The narrative has now shifted from how bad things will get to how soon we can recover. The economic data for March is horrendous. Just focusing on the US – industrial production is down 5.4% (the worst reading since World War II), retail sales fell 8.7% (the global financial crisis (GFC) only saw a 2% fall), unemployment is expected to hit 20% (compared to 10% in the GFC and 25% in the Great Depression) and GDP is already down 4.8%.
However, this has been countered by extraordinary monetary and fiscal support. The Federal Reserve’s balance sheet has jumped by US$2.5tn in two months (QE1 during the GFC was US$1tn) and the government has approved a fiscal package worth 11% of GDP (a similar size to the combined New Deal). As at the time of writing, policy makers around the world have provided a total of US$7tr of QE, US$6tr of fiscal policy, and US$4tr in loan loss guarantees. This brings hope that we can stimulate our way through the downturn until lockdowns are lifted and the world gets back to work.
V-shaped recovery or bear market rally?
The price action of the S&P 500 would indicate that the market is pricing in a V-shaped recovery. Economic activity is expected to bounce in the second half of the year and the market is looking through any potential hit to corporate profits. This is still seen as a one-to-two quarter event. However, V-shaped recoveries are extremely rare. Based on the last six recessions, it takes on average five years for real GDP to return to its prior peak (it took four years after the GFC). Similarly, looking at the past seven bear markets, it takes typically four years to make new equity market highs. Despite huge stimulus, the GFC took even longer. If we have already seen the equity market low of this recession (22 days in), it would be an historical outlier. On the other hand, strong bear market rallies (where the bounce retraces around 50% of the prior fall), are a fairly common occurrence.
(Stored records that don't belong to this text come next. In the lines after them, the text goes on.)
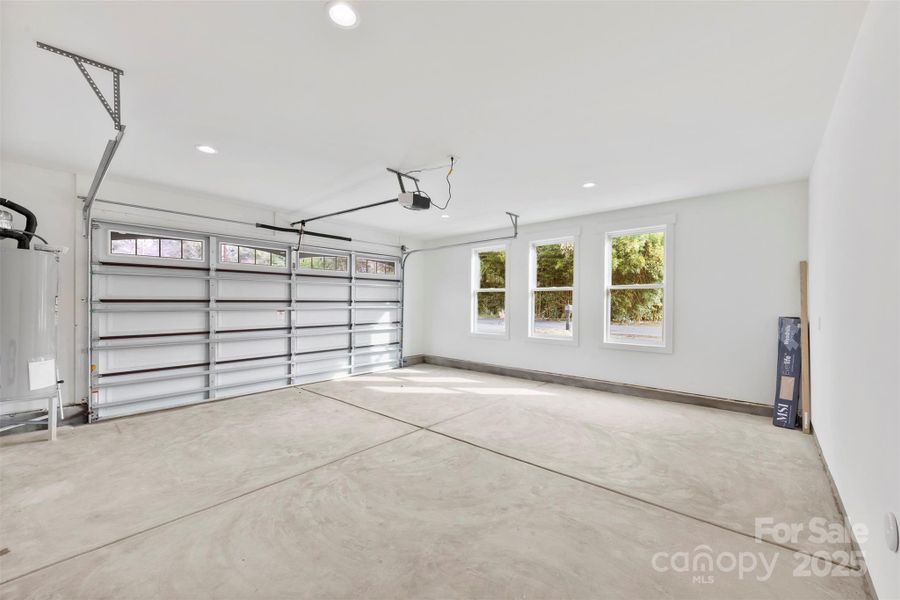 Spacious, unfurnished interior of a new home in , Belmont (Image 34).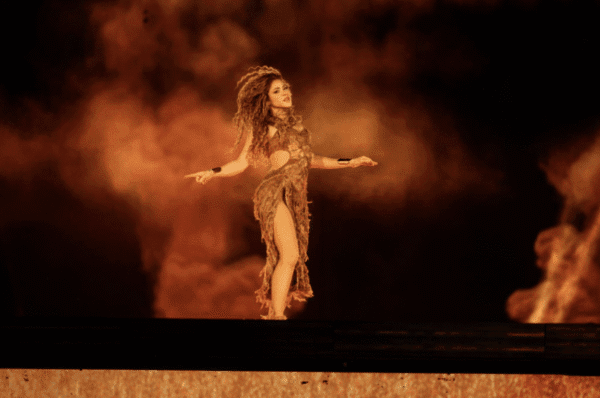 Shakira encerra turnê latino-americana “Las Mujeres Ya No Lloran” com recordes de público e impacto econômico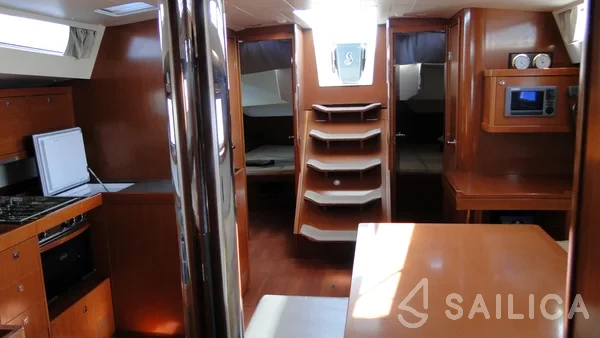 Oceanis 48 - Yacht Charter Sailica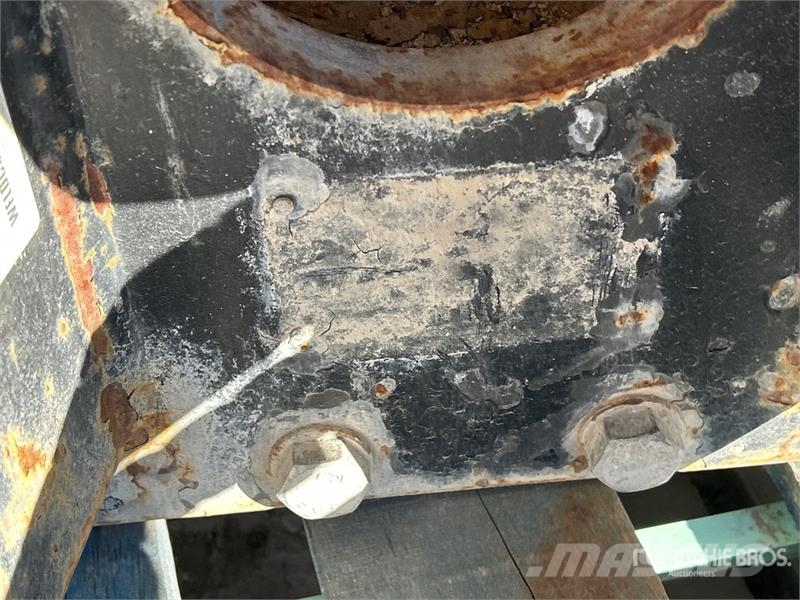 Atlas Copco DC400 24 in Q/C Hydraulic Drum Cutter Otros componentes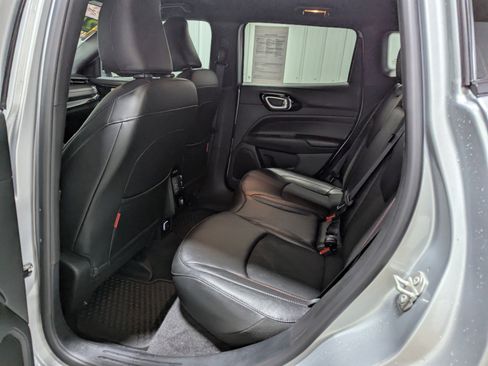 Used 2024 Jeep Compass Trailhawk image 9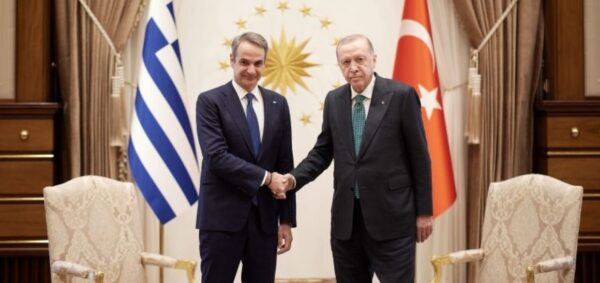 Πλούσια και ζηλευτά εδέσματα στο δείπνο Μητσοτάκη Ερντογάν – Μεγάλη ποικιλία σε φαγητά και γλυκά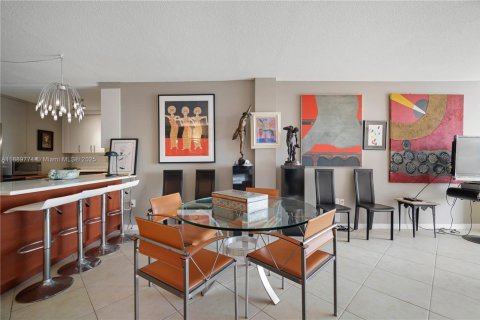 Condo in Miami, Florida, 1 bedroom № 2176593 - photo 9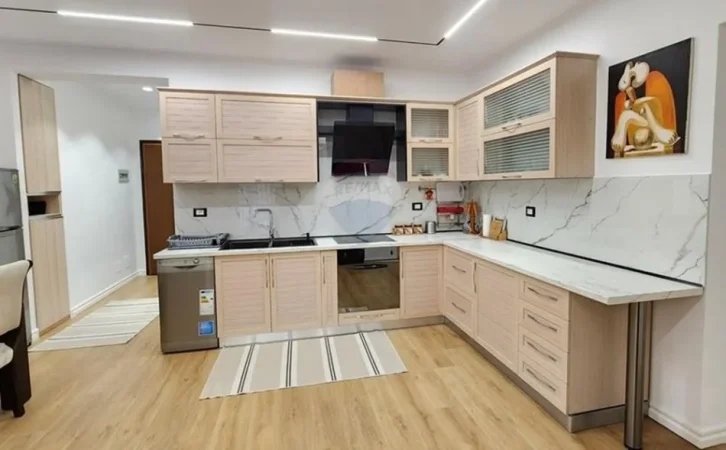 Tirane, jepet me qera apartament 2+1 Kati 4, 115 m² 1.000 € 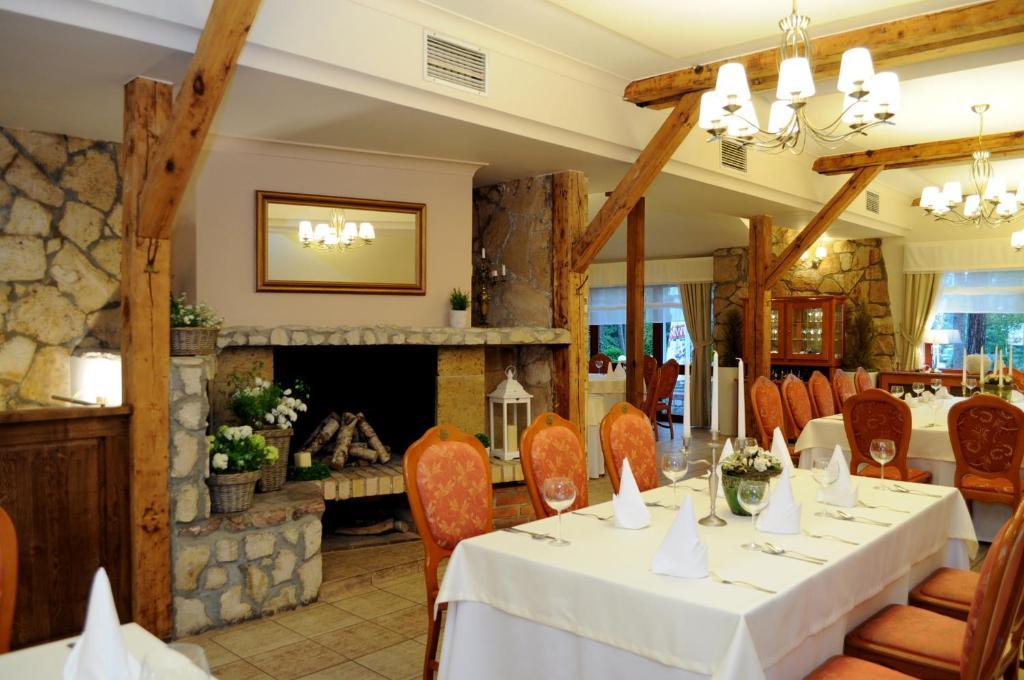 Hotel Rebajlo Pila Ngoại thất bức ảnh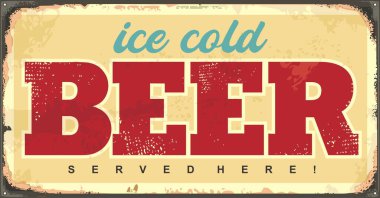 Soğuk bira retro bar tabelası. Alkolik içki reklamı eski metal arka planda. Vintage vektör posteri.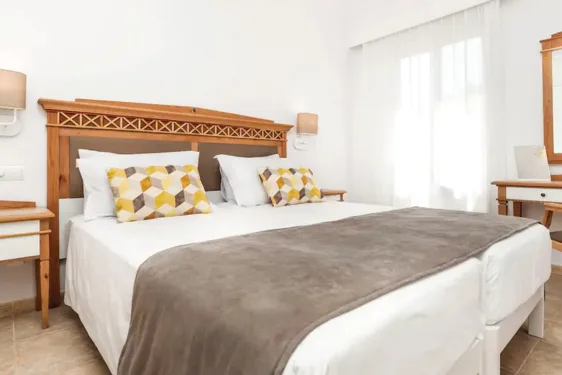 baby and toddler friendly hotel menorca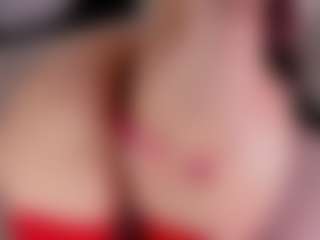 Live cam show with Kloe - Asshole on StripNow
In our view, the recent market rally across most risk assets has been the result of a removal of liquidity risk from the system. Equities were collapsing, credit spreads were widening, and you couldn’t even trade government bonds with ease. Thanks to the swift and dramatic response from central banks globally, this liquidity crisis was averted. It is, however, too early to say whether we have managed to avert a solvency crisis. Corporate debt remains extremely high, but debt serviceability has not been an issue over the past few years. However, the longer economies remain shut, the longer revenues of corporates stay depressed and the more questionable that debt serviceability becomes.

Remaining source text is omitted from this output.